Him: Because I love you, Sweetheart.


----------



## sinnister (Dec 5, 2010)

It sucks..but sometimes you have to tell them what they want to hear.

DanF has the right idea.

"Man: No. I told you I wouldn’t." is just asking for her response.


----------



## tacoma (May 1, 2011)

sinnister said:


> It sucks..but sometimes you have to tell them what they want to hear.
> 
> DanF has the right idea.
> 
> "Man: No. I told you I wouldn’t." is just asking for her response.


But I hear so often here that complete honesty is always best in any relationship.

Don`t get me wrong, Im` with you and DanF as I know you have to tell them what they want to hear just to maintain a relationship.

I just find it funny.


----------



## RDJ (Jun 8, 2011)

Reading between the lines.

W: I want you to do things with me, I want to connect with you on my emotional level, I want you to show that you care.

M: I'm selfish. I only think of what makes me happy.

W: You selfish bastard, you never want to do anything, we have nothing in common. 

M: Let's have sex tonight.

W: I'm not in the mood! 

M: 

Fast forward X amount of time?

W: "I love you, but I'm not in love with you" ?????


----------



## accept (Dec 1, 2011)

*But I hear so often here that complete honesty is always best in any relationship.But I hear so often here that complete honesty is always best in any relationship.*
It is only good in a perfect marriage.

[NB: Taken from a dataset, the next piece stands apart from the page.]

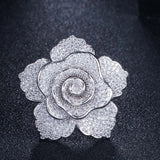 Dubai Yellow Finger Jewelry CZ Pave Flower Wedding Ring for Women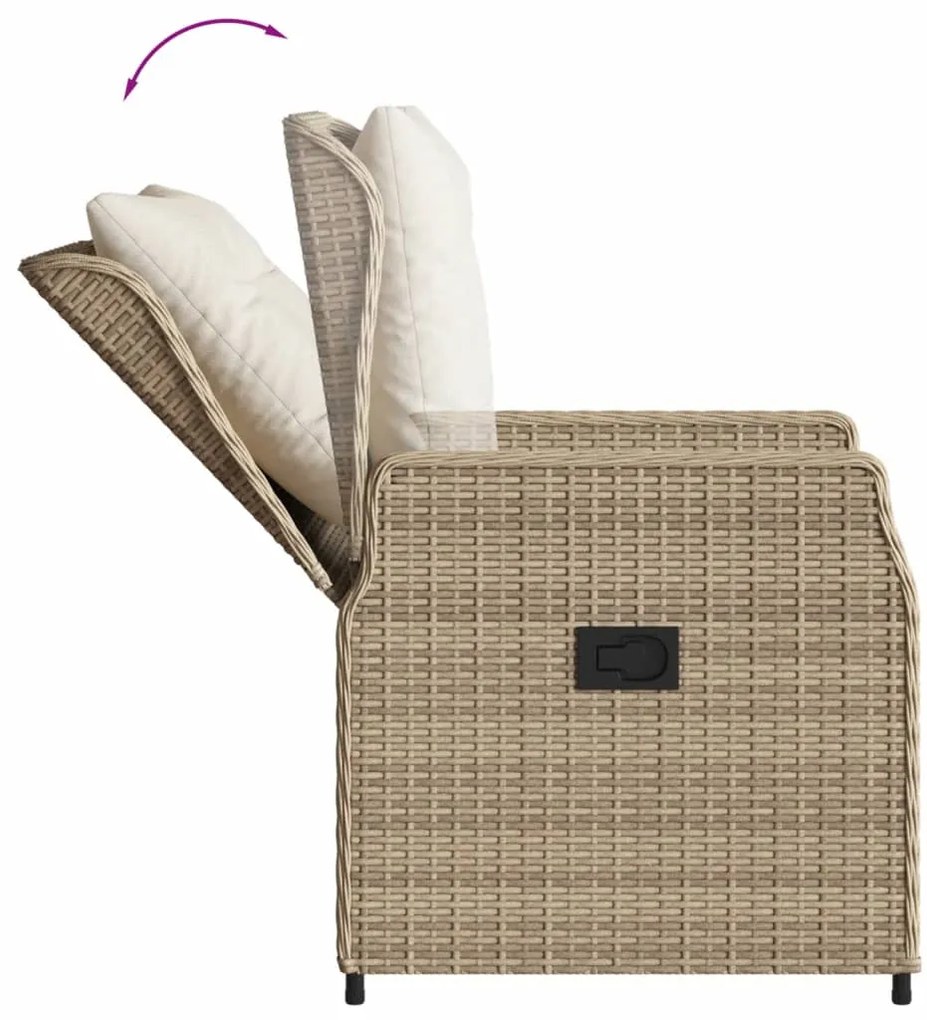 vidaXL Σετ Τραπεζαρίας Κήπου 5 τεμ. Μπεζ Συνθετικό Ρατάν με Μαξιλάρι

This is hardly ever the case. So the more lies the better. Just tell her what she wants to hear.


----------



## This is me (May 4, 2011)

Over the past year of trying to save the marriage, when she was still living at home, I would go shopping with her all the time. I am not a fan of shopping, but enjoy being with her. Never complained, just showing her I cared enough and thought our "quality time" would get her back to a loving wife. 9 months of this and many other selfless acts and she walked out the door. Going on 7 weeks of seperation and seeing the my selfless acts only made her more selfish.

At least we are in MC and got to go shopping with her again this weekend. Geez do I sound like a Nice Guy!


----------



## Cherry (Sep 23, 2009)

neilr007 said:


> Afterwards, the couple are sitting together again.
> 
> Woman: Did you enjoy that?
> 
> ...


I don't understand why she lashed out at him, she asked a question and he answered honestly, what's with the name calling and throwing the term "never" in there? Plus she leads in with her question at the beginning knowing he won't enjoy it... This was a set up for the man to fail either way  That sucks.


----------



## Tall Average Guy (Jul 26, 2011)

Cherry said:


> I don't understand why she lashed out at him, she asked a question and he answered honestly, what's with the name calling and throwing the term "never" in there? Plus she leads in with her question at the beginning knowing he won't enjoy it... This was a set up for the man to fail either way  That sucks.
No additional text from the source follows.